On the heels of the 2012 Presidential election and the so-called “Mormon moment,” LDS Democrats are looking to extend their reach. Robert Taber directed the national Mormons for Obama Campaign in 2012. He’s now chair of the newly-minted LDS Democrats of America, an outgrowth of the LDS Democrats caucus in Utah.
“President Obama got about 20 or 21 percent of the Latter-day Saint vote nationwide, Taber says. "So there are more and more Latter-day Saints identifying as Democrats or supporting Democratic candidates and we’re here to help accelerate that.”
Taber says LDS church members have a long and rich tradition of engaging in progressive causes.
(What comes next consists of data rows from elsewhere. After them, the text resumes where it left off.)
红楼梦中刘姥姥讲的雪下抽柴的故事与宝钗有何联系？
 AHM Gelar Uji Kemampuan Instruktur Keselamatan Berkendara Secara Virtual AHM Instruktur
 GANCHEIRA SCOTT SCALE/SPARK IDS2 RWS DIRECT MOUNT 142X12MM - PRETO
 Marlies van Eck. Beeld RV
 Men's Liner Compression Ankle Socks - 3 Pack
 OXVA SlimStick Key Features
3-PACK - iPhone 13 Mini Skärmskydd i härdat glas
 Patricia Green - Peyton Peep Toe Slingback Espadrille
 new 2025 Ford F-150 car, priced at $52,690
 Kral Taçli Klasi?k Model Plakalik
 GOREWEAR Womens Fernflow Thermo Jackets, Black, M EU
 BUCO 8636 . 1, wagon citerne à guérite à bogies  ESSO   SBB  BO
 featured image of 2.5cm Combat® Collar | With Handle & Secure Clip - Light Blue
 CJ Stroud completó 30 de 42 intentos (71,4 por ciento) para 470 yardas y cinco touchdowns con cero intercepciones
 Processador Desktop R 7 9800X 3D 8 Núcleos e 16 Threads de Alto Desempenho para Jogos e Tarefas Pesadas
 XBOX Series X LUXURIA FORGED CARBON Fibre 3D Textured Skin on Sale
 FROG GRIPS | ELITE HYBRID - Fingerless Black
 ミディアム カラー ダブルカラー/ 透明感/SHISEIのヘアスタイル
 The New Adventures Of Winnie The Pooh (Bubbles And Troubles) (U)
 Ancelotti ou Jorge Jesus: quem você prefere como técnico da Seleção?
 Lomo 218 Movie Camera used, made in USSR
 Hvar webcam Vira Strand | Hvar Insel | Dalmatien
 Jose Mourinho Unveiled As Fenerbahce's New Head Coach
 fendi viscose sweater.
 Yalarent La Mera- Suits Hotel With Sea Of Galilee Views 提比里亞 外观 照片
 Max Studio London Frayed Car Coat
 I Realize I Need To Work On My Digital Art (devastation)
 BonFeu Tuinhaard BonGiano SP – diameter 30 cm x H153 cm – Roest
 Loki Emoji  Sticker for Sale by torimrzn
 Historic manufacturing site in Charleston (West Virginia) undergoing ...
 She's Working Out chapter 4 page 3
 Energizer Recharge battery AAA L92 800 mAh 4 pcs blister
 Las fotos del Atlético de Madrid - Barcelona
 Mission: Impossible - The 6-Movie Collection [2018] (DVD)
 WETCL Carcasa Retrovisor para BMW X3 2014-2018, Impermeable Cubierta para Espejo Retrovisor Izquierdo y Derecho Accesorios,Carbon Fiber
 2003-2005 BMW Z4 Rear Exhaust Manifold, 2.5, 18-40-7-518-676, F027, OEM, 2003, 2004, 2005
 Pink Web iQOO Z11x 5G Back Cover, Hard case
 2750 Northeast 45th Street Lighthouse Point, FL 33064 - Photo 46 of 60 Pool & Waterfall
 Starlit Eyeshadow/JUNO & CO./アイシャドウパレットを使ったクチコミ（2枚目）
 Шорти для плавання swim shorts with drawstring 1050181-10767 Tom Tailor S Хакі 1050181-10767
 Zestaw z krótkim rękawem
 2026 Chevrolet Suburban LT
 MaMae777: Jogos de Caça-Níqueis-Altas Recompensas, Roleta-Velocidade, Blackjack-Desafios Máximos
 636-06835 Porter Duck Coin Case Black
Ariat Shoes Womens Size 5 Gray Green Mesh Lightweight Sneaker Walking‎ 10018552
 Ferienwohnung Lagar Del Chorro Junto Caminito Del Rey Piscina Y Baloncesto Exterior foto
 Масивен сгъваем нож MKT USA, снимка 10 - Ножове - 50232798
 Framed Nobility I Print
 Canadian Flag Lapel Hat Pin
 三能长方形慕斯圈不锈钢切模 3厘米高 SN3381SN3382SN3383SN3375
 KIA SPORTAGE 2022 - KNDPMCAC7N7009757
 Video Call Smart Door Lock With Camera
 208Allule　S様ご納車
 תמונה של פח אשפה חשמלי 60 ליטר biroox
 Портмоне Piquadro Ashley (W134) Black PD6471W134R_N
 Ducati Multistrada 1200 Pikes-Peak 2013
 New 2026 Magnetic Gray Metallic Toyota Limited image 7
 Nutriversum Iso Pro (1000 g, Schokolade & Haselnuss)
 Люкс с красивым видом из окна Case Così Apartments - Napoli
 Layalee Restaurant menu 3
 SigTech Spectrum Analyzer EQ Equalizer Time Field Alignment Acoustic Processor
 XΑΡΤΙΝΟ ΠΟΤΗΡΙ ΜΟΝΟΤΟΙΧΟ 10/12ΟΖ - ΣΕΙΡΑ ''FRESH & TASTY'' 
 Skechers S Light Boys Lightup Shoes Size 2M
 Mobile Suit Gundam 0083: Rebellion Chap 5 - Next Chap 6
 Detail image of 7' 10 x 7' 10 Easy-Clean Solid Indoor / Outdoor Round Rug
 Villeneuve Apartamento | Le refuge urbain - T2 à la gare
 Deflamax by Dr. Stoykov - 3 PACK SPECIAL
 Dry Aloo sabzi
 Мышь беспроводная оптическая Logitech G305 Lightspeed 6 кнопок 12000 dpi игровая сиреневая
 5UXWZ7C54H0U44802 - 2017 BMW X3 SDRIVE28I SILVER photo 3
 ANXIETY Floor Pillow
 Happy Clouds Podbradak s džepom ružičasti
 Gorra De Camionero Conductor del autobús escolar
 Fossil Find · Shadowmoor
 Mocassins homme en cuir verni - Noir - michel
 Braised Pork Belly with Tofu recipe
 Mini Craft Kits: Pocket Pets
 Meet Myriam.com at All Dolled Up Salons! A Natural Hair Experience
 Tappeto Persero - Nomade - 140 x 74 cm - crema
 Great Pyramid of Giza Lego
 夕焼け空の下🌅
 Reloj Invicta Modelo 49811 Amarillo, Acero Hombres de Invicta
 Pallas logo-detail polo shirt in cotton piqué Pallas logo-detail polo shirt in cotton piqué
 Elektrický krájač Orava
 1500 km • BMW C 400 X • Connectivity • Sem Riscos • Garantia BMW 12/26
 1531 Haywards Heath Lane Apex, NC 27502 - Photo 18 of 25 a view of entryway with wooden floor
But he says that tradition has faded as many church members have come to believe being Mormon and Republican are one in the same.
“By providing a home for Latter-day Saint Democrats everywhere where there previously hadn’t been one, we can get people involved and engaged in civic life and civic participation," Taber says.
Crystal Young-Otterstrom is Vice Chair of LDS Democrats of America and Chair of the Utah LDS Democrats, which is the largest caucus of within the state’s Democratic Party.
“The leaders of our church have repeatedly called on us to get involved in politics and civic life," Otterstrom says. "The popularity of the Utah compact on immigration reform both on Capitol Hill and the White House is a testament to the impact and power that we can have as we come together over the issues that confront us.”
Otterstrom says LDS Democrats of America will not get involved in nominating candidates. But will instead support candidates who’ve already received the party’s nod.
According to a Pew research poll released in January 2012, about 17 percent of Mormons nationwide identify as Democrats. In Utah, the number shrinks to 7 percent.